* DATA
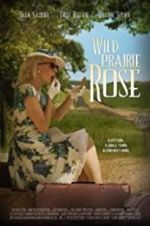 Watch Wild Prairie Rose Movie2k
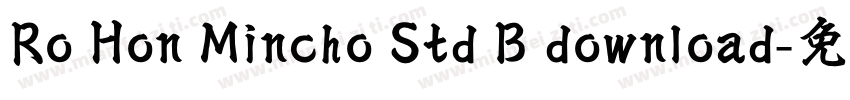 Ro Hon Mincho Std B download字体转换
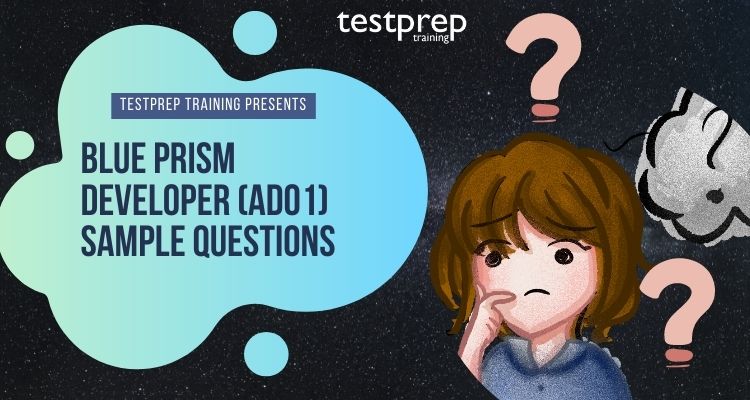 2024 AD01 Test Review - AD01 Study Tool, Blue Prism Accredited Developer Exam Latest Exam Dumps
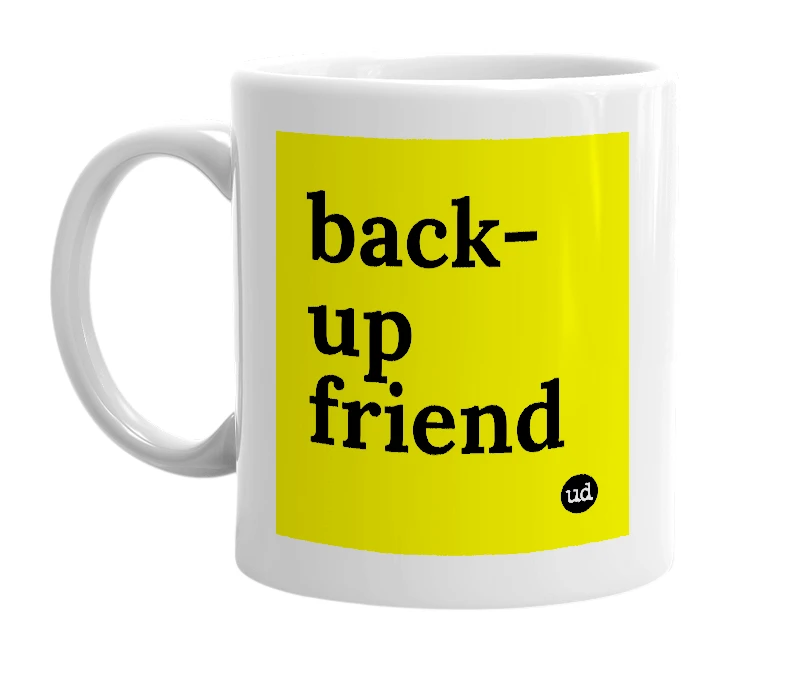 White mug with 'back-up friend' in bold black letters
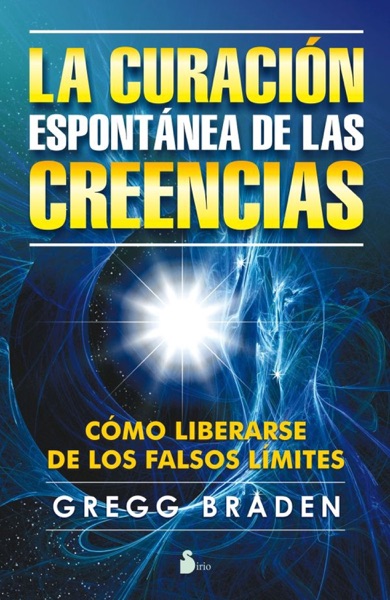 Portada del libro La Curación Espontánea de las Creencias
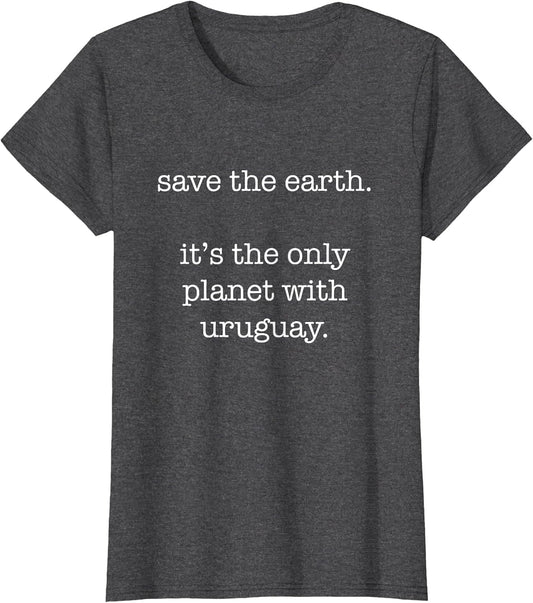 Uruguay - Funny Ironic Save The Earth Sarcastic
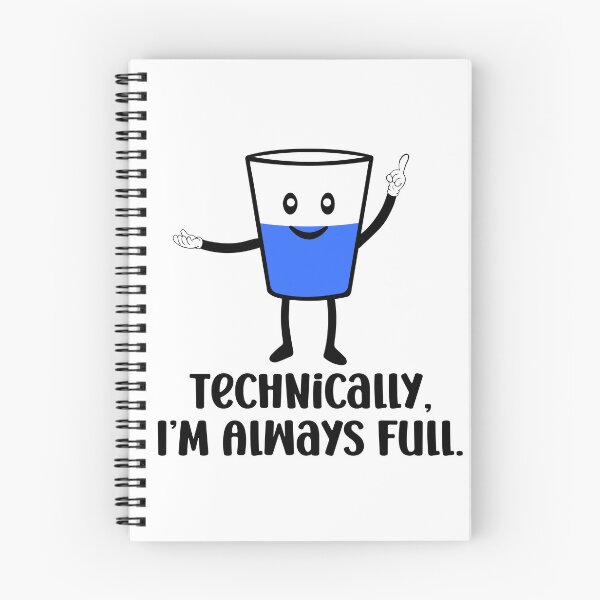 Item preview, Science Is Optimistic, Technically I'm Always Full, It's Always Full, Funny Scientific Quote designed and sold by NiceTees2021.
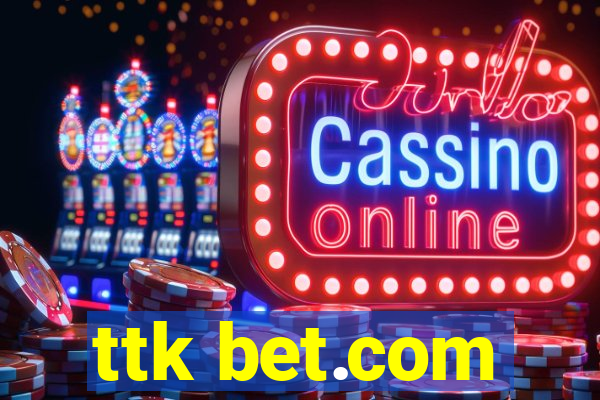 ttk bet.com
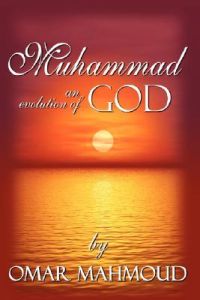 Muhammad  - an evolution of God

* WHAT THIS TASK INVOLVES
Each record above has to be written out again in full, but its pictures must not be.

* SOLUTION TO THE EXERCISE
 Watch Wild Prairie Rose Movie2k
 Ro Hon Mincho Std B download字体转换
 2024 AD01 Test Review - AD01 Study Tool, Blue Prism Accredited Developer Exam Latest Exam Dumps
 White mug with 'back-up friend' in bold black letters
 Portada del libro La Curación Espontánea de las Creencias
 Uruguay - Funny Ironic Save The Earth Sarcastic
 Item preview, Science Is Optimistic, Technically I'm Always Full, It's Always Full, Funny Scientific Quote designed and sold by NiceTees2021.
 ttk bet.com
 Muhammad  - an evolution of God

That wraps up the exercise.